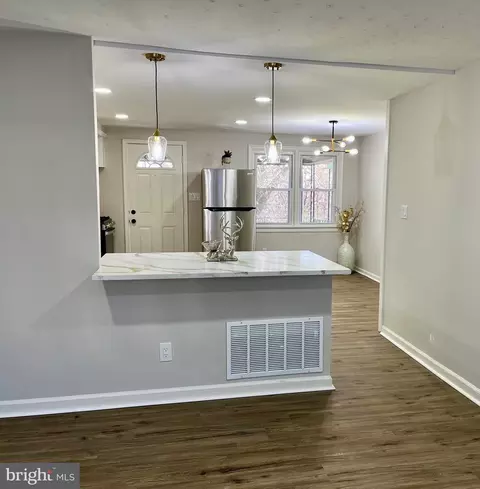 3009 Mallview Rd, Baltimore, MD 21230 photo 5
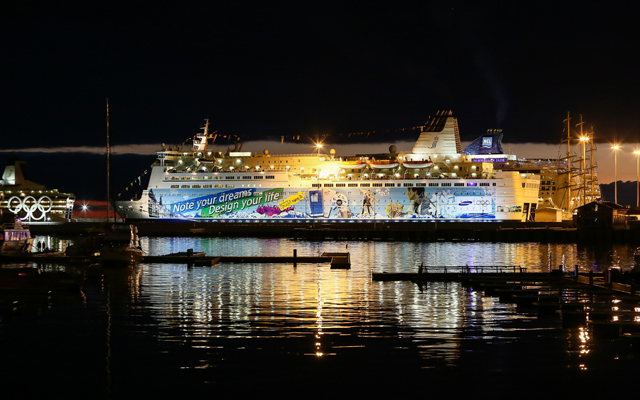 Samsung’s Sochi 2014 outdoor advertising campaign wrapped around a coach bus travelling around Sochi.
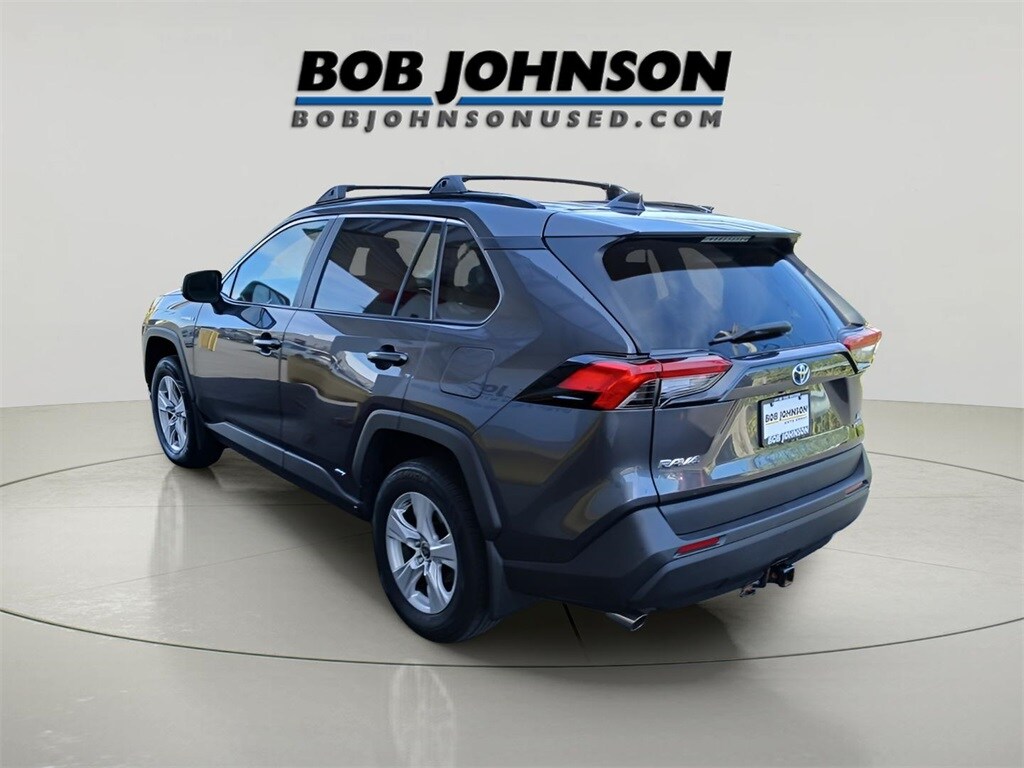 2021 Toyota RAV4 Hybrid LE photo 4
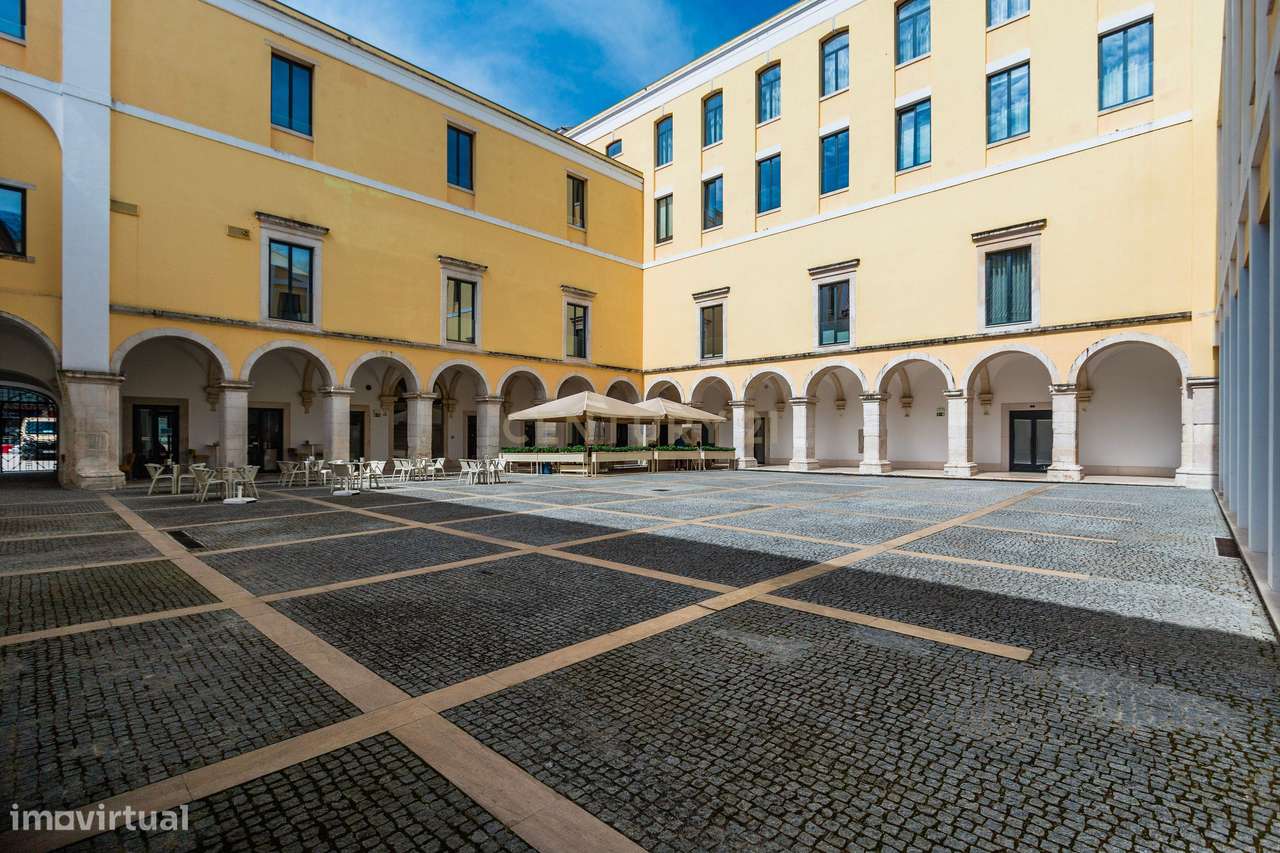 T2 Duplex | Moagem Heritage | Edifício Único e Icónico | Coração de Le - Grande imagem: 3/34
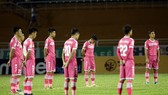 Cầu thủ CLB Sài Gòn cùng nhiều đội khác dành 1 phút mặc niệm, tưởng nhớ nguyên Thủ tướng Phan Văn Khải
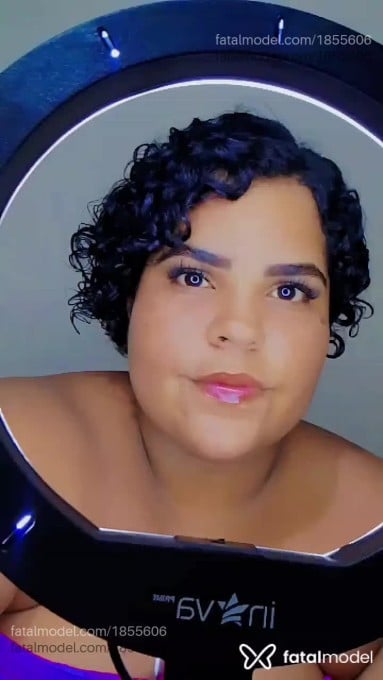 Acompanhante mulher morena (o) de olhos castanhos em Uruaçu - Aninha
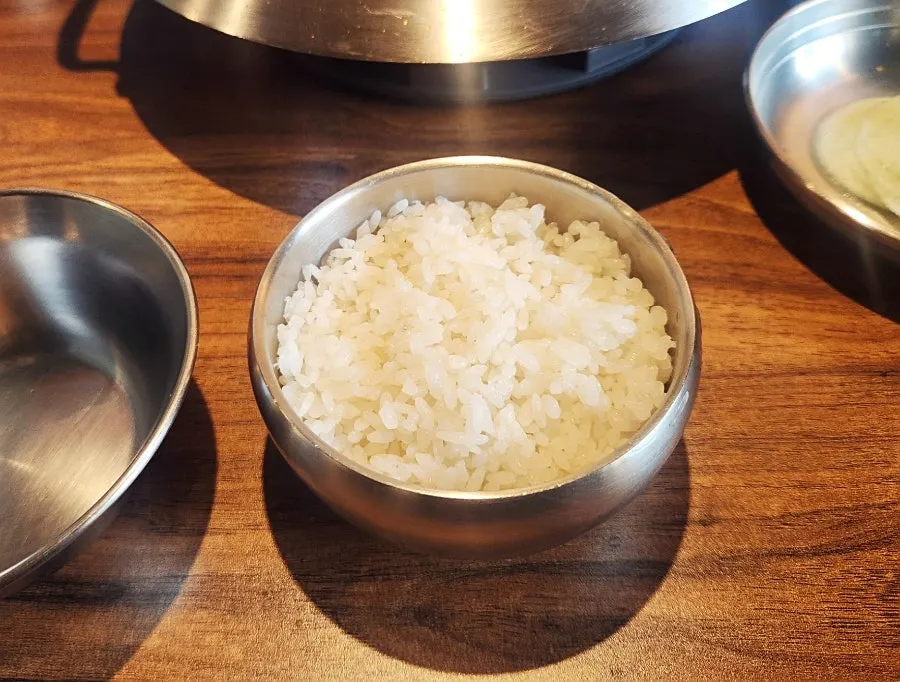 접시에 건져낸 당면과 전골 건더기
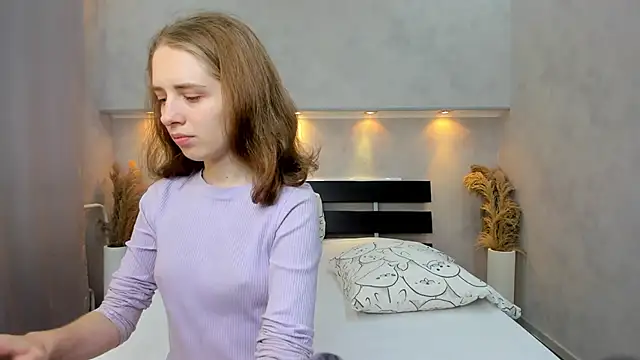 Snapshot of Camilla_Kelly chatting on October 2025 01:01:02 AM Camilla Kelly online show from October 2025 01:01:02 AM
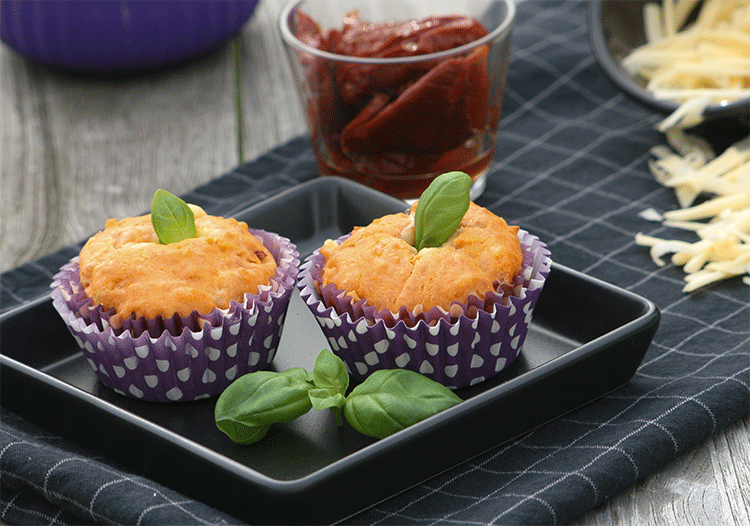 Herzhafte Muffins mit Tomaten und Käse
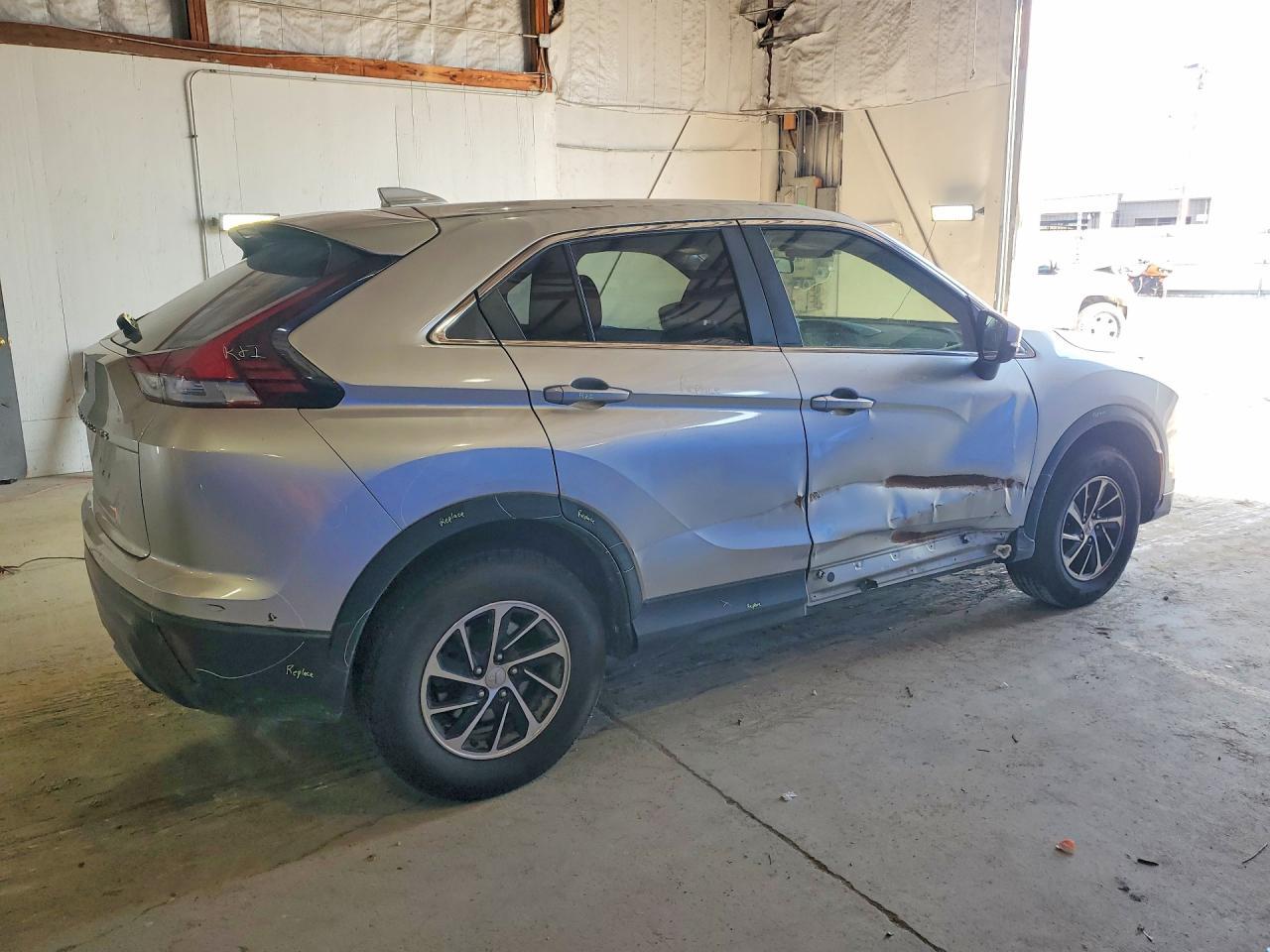 2022 Mitsubishi Eclipse Cross Es - zdjęcie 3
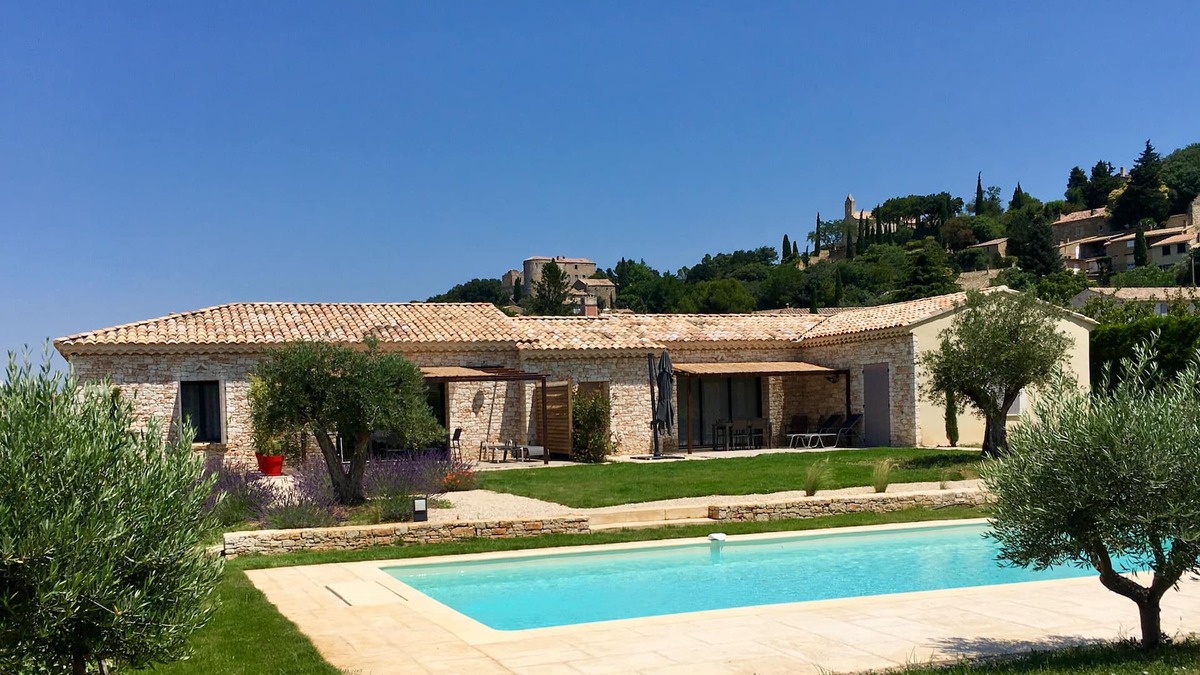 Venejan House | Asoura cottage for 4 people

┄┄┄┄┄┄┄┄┄┄

Repeat every entry above precisely, leaving each picture out.

--- ANSWER AREA ---
 3009 Mallview Rd, Baltimore, MD 21230 photo 5
 Samsung’s Sochi 2014 outdoor advertising campaign wrapped around a coach bus travelling around Sochi.
 2021 Toyota RAV4 Hybrid LE photo 4
 T2 Duplex | Moagem Heritage | Edifício Único e Icónico | Coração de Le - Grande imagem: 3/34
 Cầu thủ CLB Sài Gòn cùng nhiều đội khác dành 1 phút mặc niệm, tưởng nhớ nguyên Thủ tướng Phan Văn Khải
 Acompanhante mulher morena (o) de olhos castanhos em Uruaçu - Aninha
 접시에 건져낸 당면과 전골 건더기
 Snapshot of Camilla_Kelly chatting on October 2025 01:01:02 AM Camilla Kelly online show from October 2025 01:01:02 AM
 Herzhafte Muffins mit Tomaten und Käse
 2022 Mitsubishi Eclipse Cross Es - zdjęcie 3
 Venejan House | Asoura cottage for 4 people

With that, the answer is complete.